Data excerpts
»»
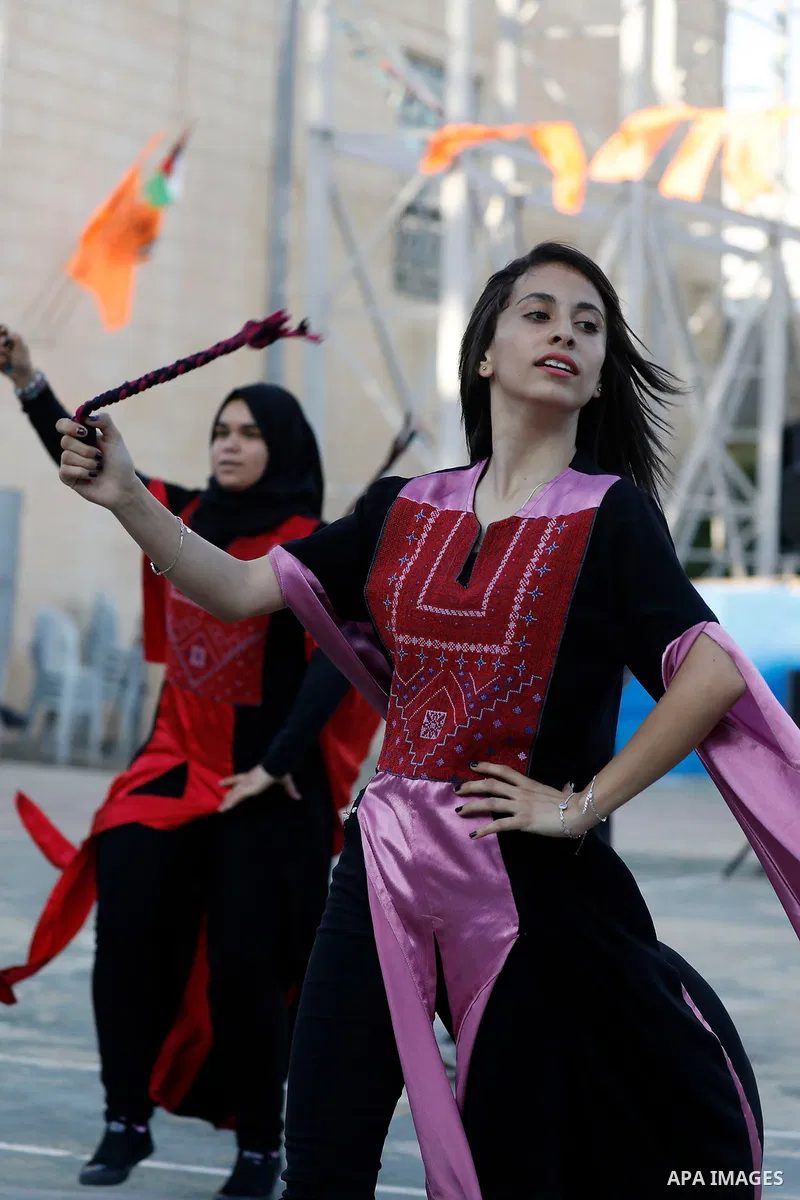 Palestinian youth perform traditional Palestinian dance during the Festival of the movement of Palestinian National Initiative Mustafa Barghouti in West Bank city of Bethlehem on August 12, 2017. Photo by Wisam Hashlamou...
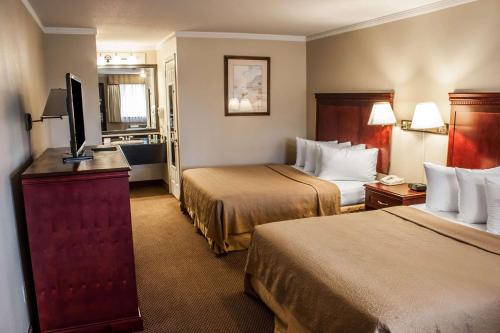 a hotel room with two beds and a flat screen tv at Quality Inn & Suites Fife Seattle in Fife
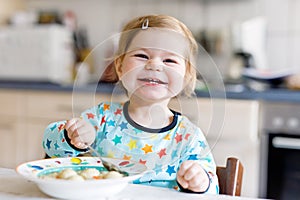 Adorable baby girl eating from spoon vegetable noodle soup. food, child, feeding and development concept. Cute toddler
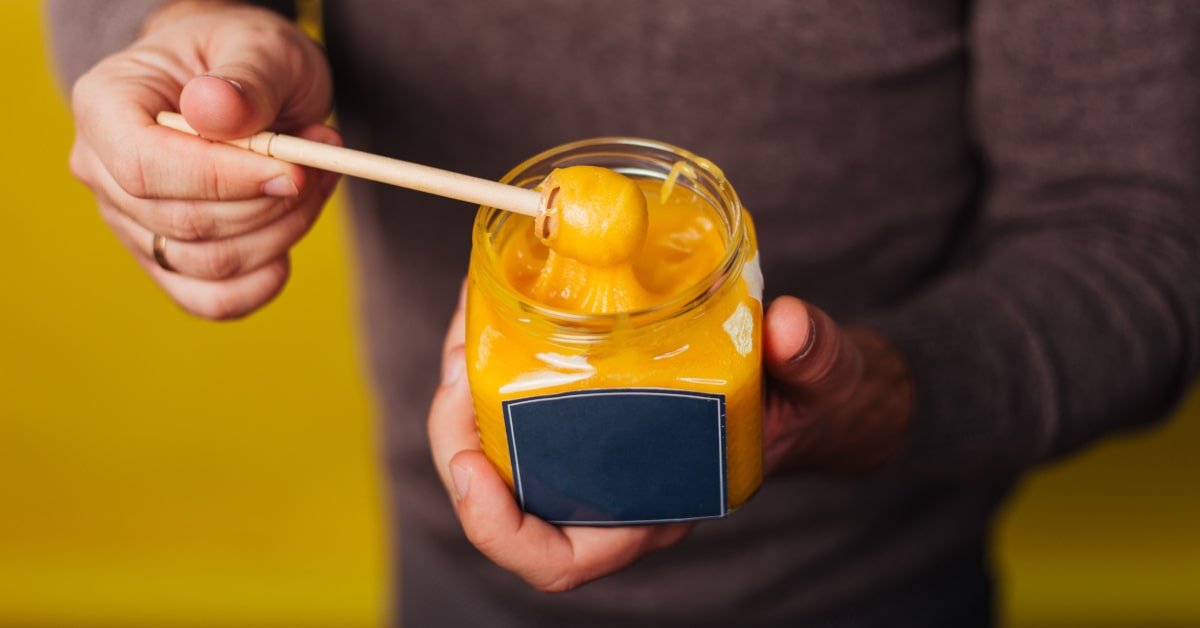 Donna che tiene in mano un vasetto con pasta di curcumam per golden milk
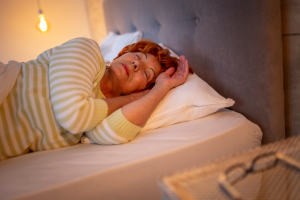 Senior woman wearing pajamas lying in bed, sleeping in bedroom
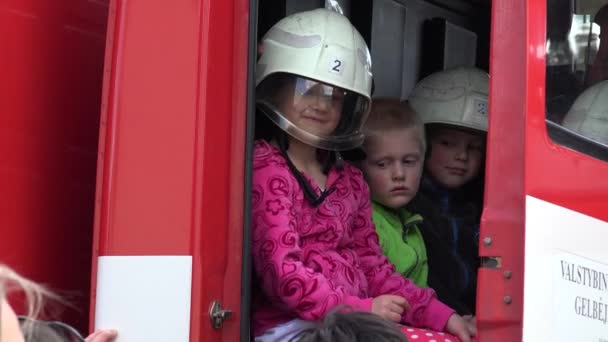 Niños felices con cascos de bombero en camión de bomberos. 4K — Vídeo de stock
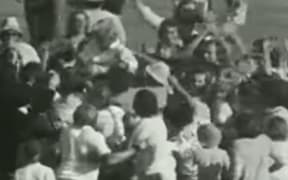 When he reached his century, members of the crowd ran on and jostled and hoisted Redmond.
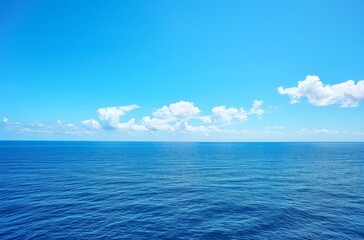 Obraz premium wide shot of the vast, calm sea under a clear blue sky. The water is a deep ocean color with gentle ripples and small waves in its distance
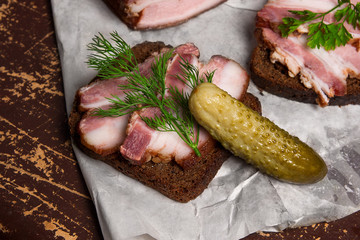 Slices of smoked bacon with rye black bread and several pickles on the white packaging paper.
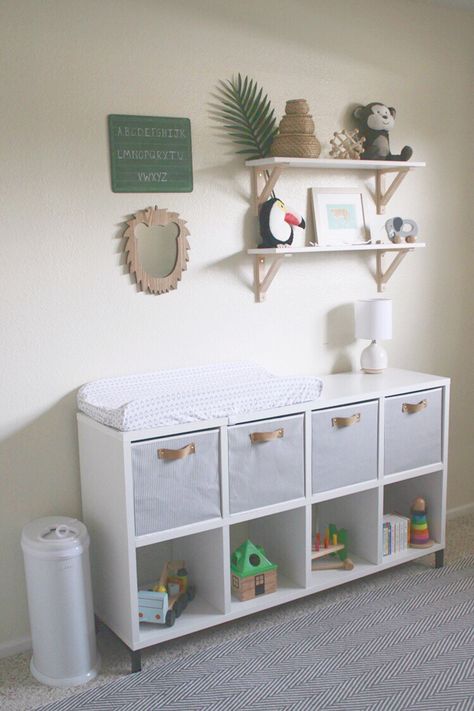 Neutral jungle nursery, green, natural, nursery shelves, cubby shelf, changing table Cube Storage As Dresser Nursery, Kallax Change Table, Diy Nursery Changing Table, Cubby Changing Table, Storage Cube Changing Table, Bookshelf Changing Table, Cube Shelf Changing Table, Nursery Cube Organizer Ideas, Green And Natural Nursery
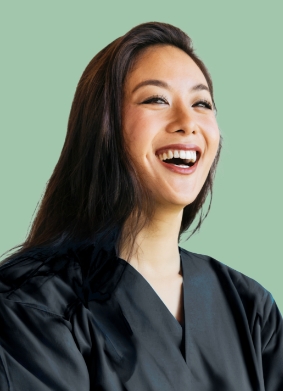 Woman in black blouse laughing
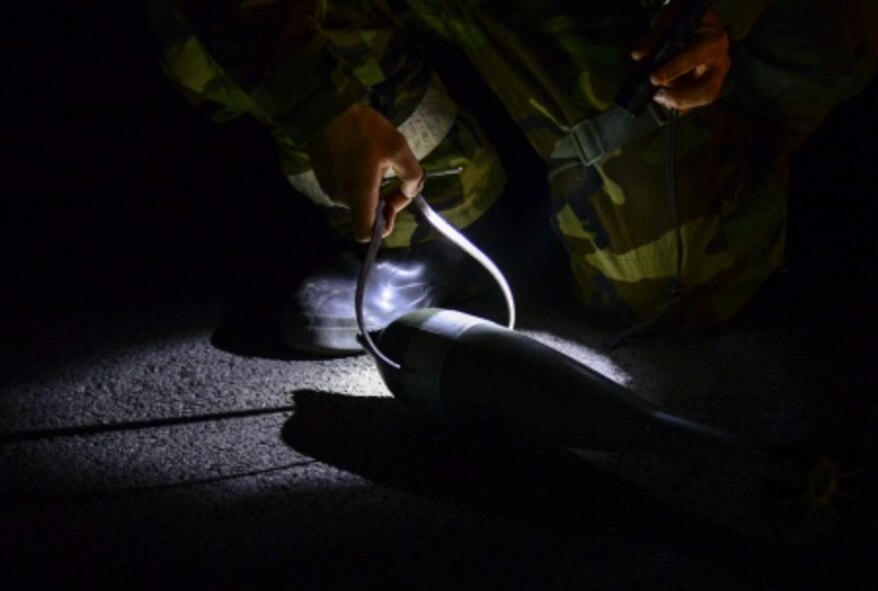 A 51st Civil Engineer Squadron explosive ordnance disposal technician measures the diameter of a simulated unexploded mortar round during a training scenario at Osan Air Base, Republic of Korea, Nov. 6, 2015. After finding unexploded ordnance, EOD stores them to perform controlled detonations in a secured area. (U.S. Air Force photo/Tech. Sgt. Travis Edwards)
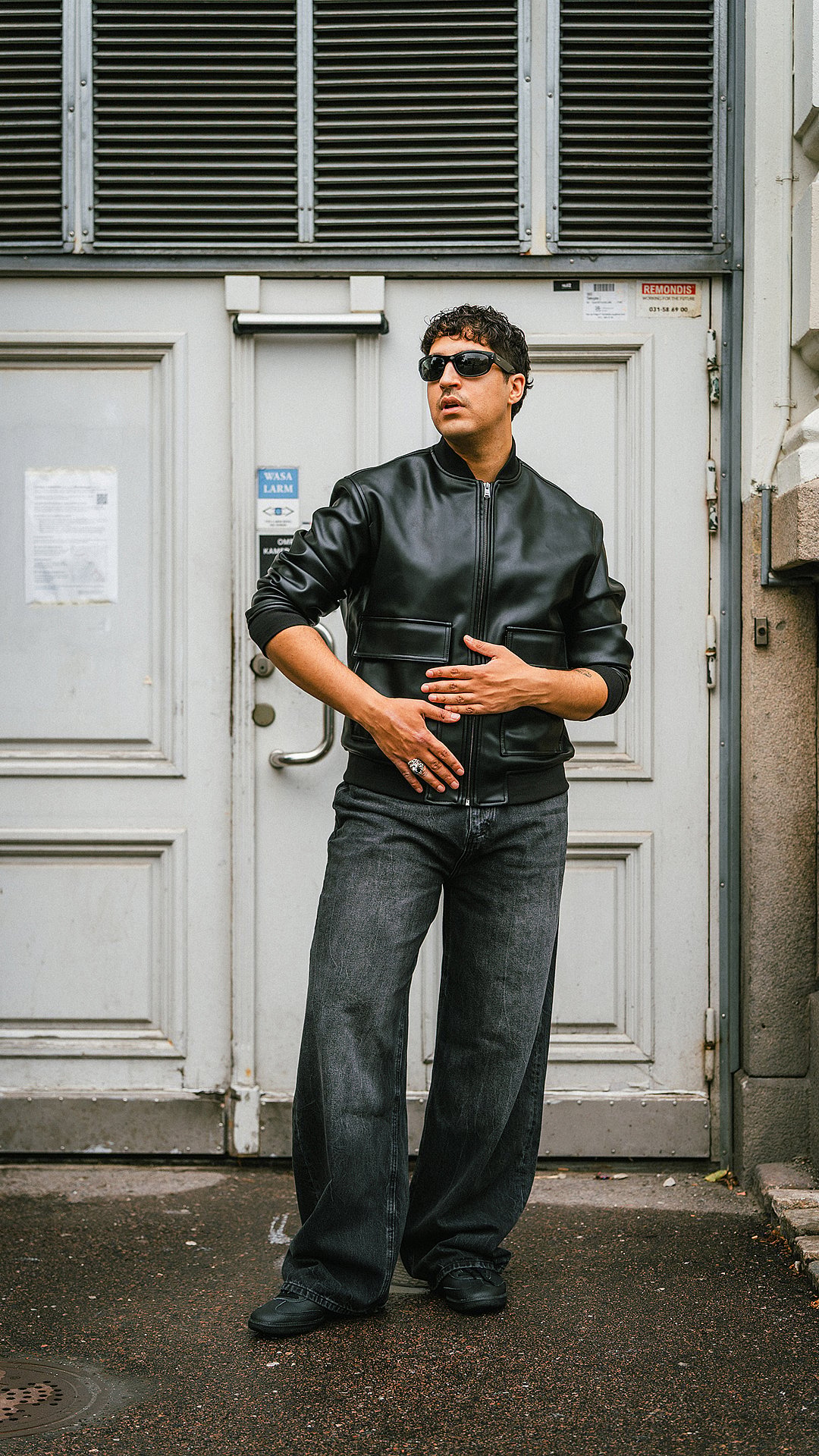 Man in black leather bomber jacket, dark wide-leg jeans, and sunglasses stands looking left in front of a gray door.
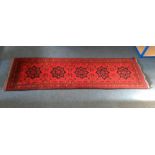 A woollen runner, single row of five motifs on red ground, within a rosette border, 85 cm x 285 cm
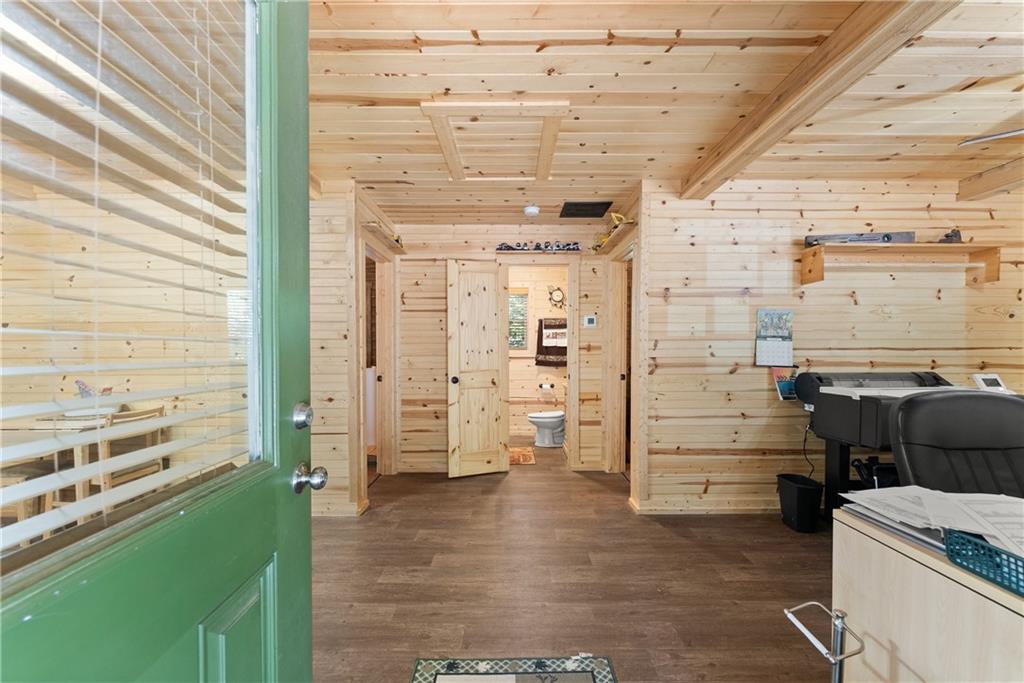 318 Jim Grizzle Road Royston, GA 30662 - Photo 7 of 56 a view of empty room with wooden floor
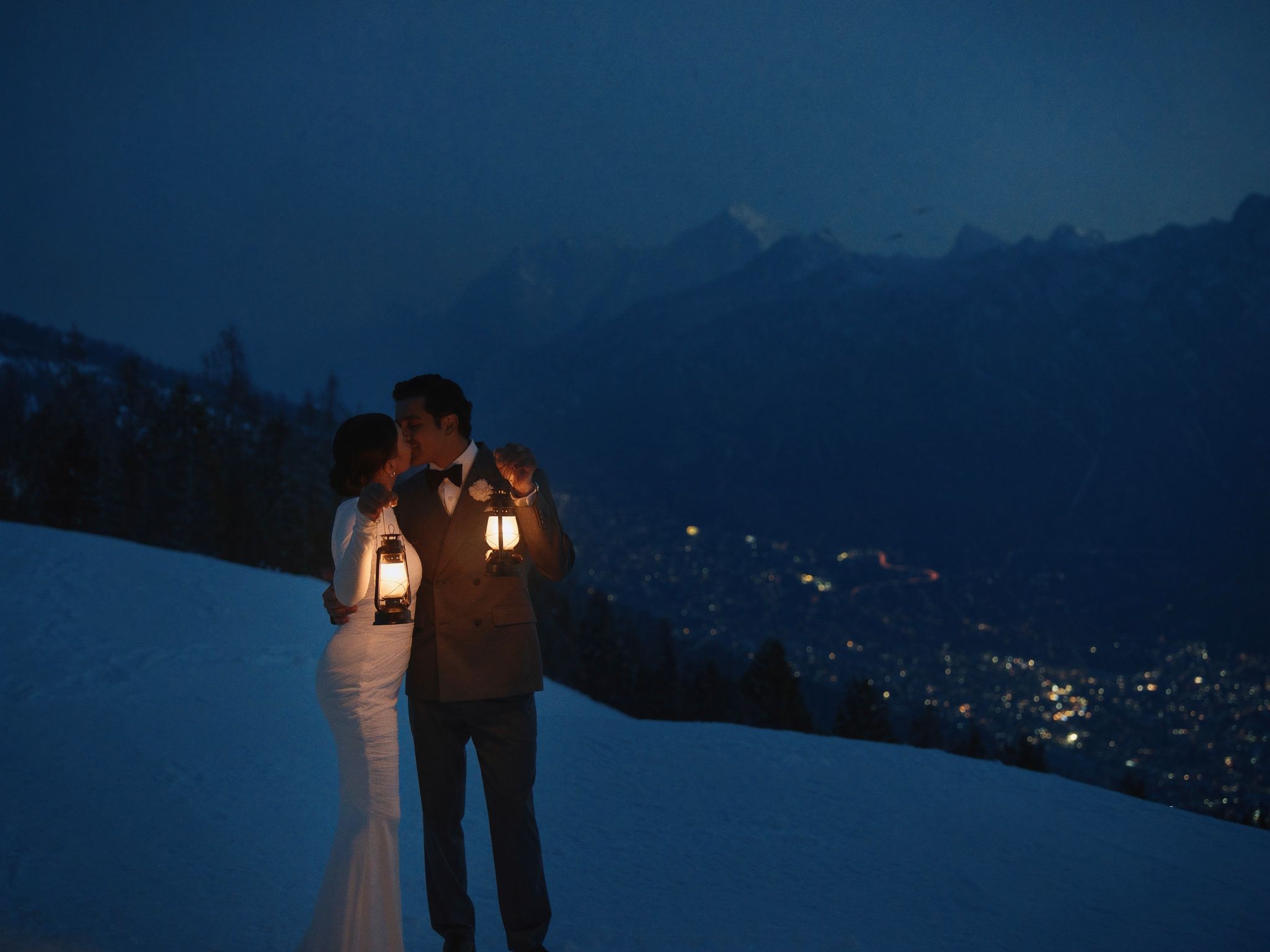 A couple holding a lantern at dusk in the mountains above Banff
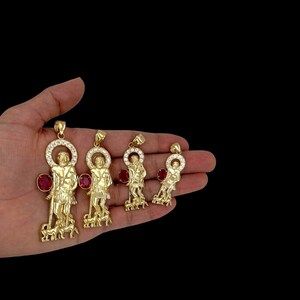 May include: Four gold pendants featuring a religious figure with a red gemstone and a halo of clear stones. The pendants are of different sizes and are displayed on a hand.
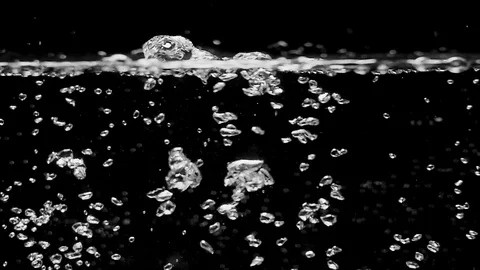 Bubbles rising up. Boiling water, closeup. Isolated black background. Shot on Stock Footage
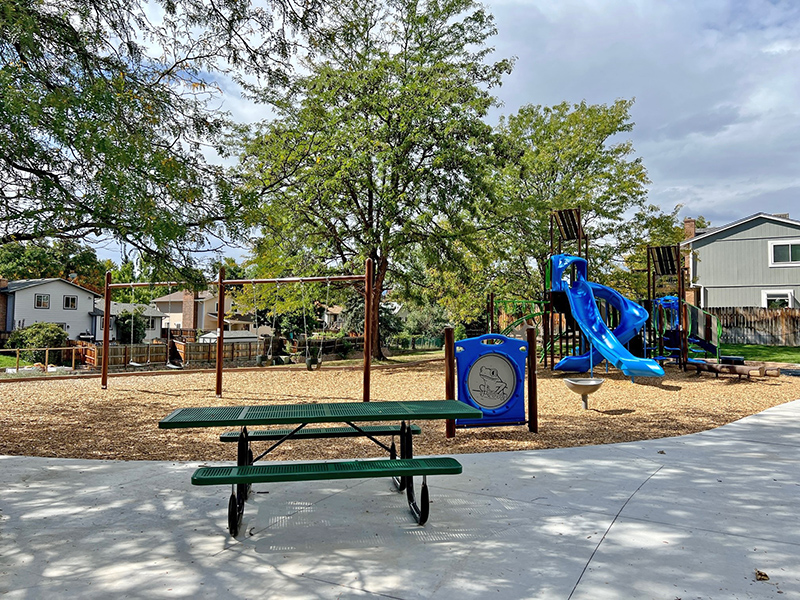 View of playground, swings and picnic table.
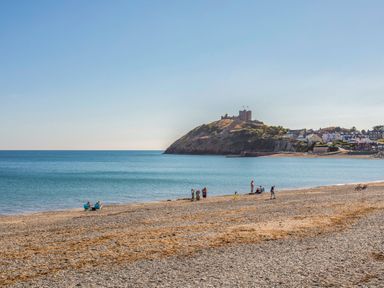 A beach with people sitting and walking near water and a hill with a castle and houses in the background at Llwyn Onn in Criccieth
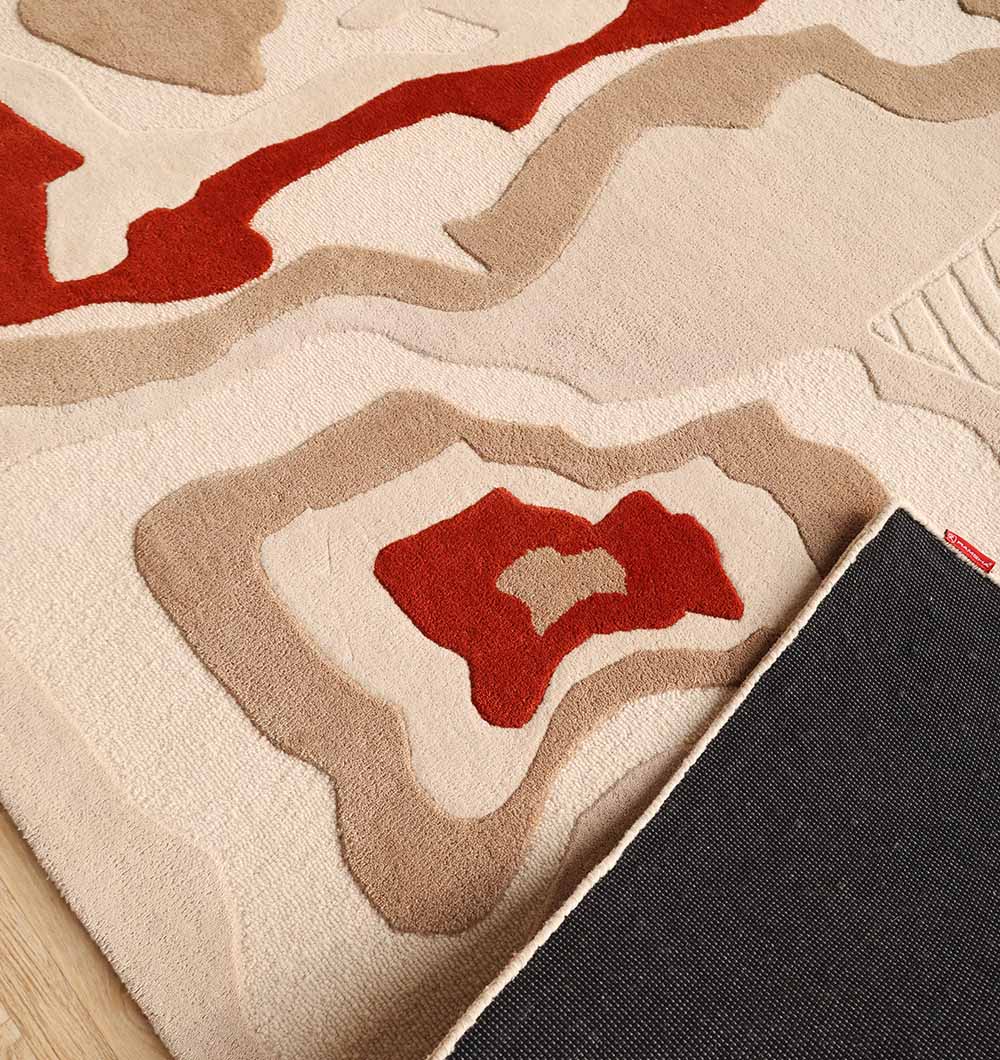 A close-up of the RAMSHA HOME Modern Handmade Carpet 300x400 Multi – HTW-120 shows its abstract layered design in beige, tan, and red. One corner is lifted to reveal a black non-slip backing underneath.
««
EXERCISE PROMPT: Each entry above should be printed again word for word, with any picture dropped.

RESPONSE BELOW:
 Palestinian youth perform traditional Palestinian dance during the Festival of the movement of Palestinian National Initiative Mustafa Barghouti in West Bank city of Bethlehem on August 12, 2017. Photo by Wisam Hashlamou...
 a hotel room with two beds and a flat screen tv at Quality Inn & Suites Fife Seattle in Fife
 Adorable baby girl eating from spoon vegetable noodle soup. food, child, feeding and development concept. Cute toddler
 Donna che tiene in mano un vasetto con pasta di curcumam per golden milk
 Senior woman wearing pajamas lying in bed, sleeping in bedroom
 Niños felices con cascos de bombero en camión de bomberos. 4K — Vídeo de stock
 When he reached his century, members of the crowd ran on and jostled and hoisted Redmond.
 Obraz premium wide shot of the vast, calm sea under a clear blue sky. The water is a deep ocean color with gentle ripples and small waves in its distance
 Slices of smoked bacon with rye black bread and several pickles on the white packaging paper.
 Neutral jungle nursery, green, natural, nursery shelves, cubby shelf, changing table Cube Storage As Dresser Nursery, Kallax Change Table, Diy Nursery Changing Table, Cubby Changing Table, Storage Cube Changing Table, Bookshelf Changing Table, Cube Shelf Changing Table, Nursery Cube Organizer Ideas, Green And Natural Nursery
 Woman in black blouse laughing
 A 51st Civil Engineer Squadron explosive ordnance disposal technician measures the diameter of a simulated unexploded mortar round during a training scenario at Osan Air Base, Republic of Korea, Nov. 6, 2015. After finding unexploded ordnance, EOD stores them to perform controlled detonations in a secured area. (U.S. Air Force photo/Tech. Sgt. Travis Edwards)
 Man in black leather bomber jacket, dark wide-leg jeans, and sunglasses stands looking left in front of a gray door.
 A woollen runner, single row of five motifs on red ground, within a rosette border, 85 cm x 285 cm
 318 Jim Grizzle Road Royston, GA 30662 - Photo 7 of 56 a view of empty room with wooden floor
 A couple holding a lantern at dusk in the mountains above Banff
 May include: Four gold pendants featuring a religious figure with a red gemstone and a halo of clear stones. The pendants are of different sizes and are displayed on a hand.
 Bubbles rising up. Boiling water, closeup. Isolated black background. Shot on Stock Footage
 View of playground, swings and picnic table.
 A beach with people sitting and walking near water and a hill with a castle and houses in the background at Llwyn Onn in Criccieth
 A close-up of the RAMSHA HOME Modern Handmade Carpet 300x400 Multi – HTW-120 shows its abstract layered design in beige, tan, and red. One corner is lifted to reveal a black non-slip backing underneath.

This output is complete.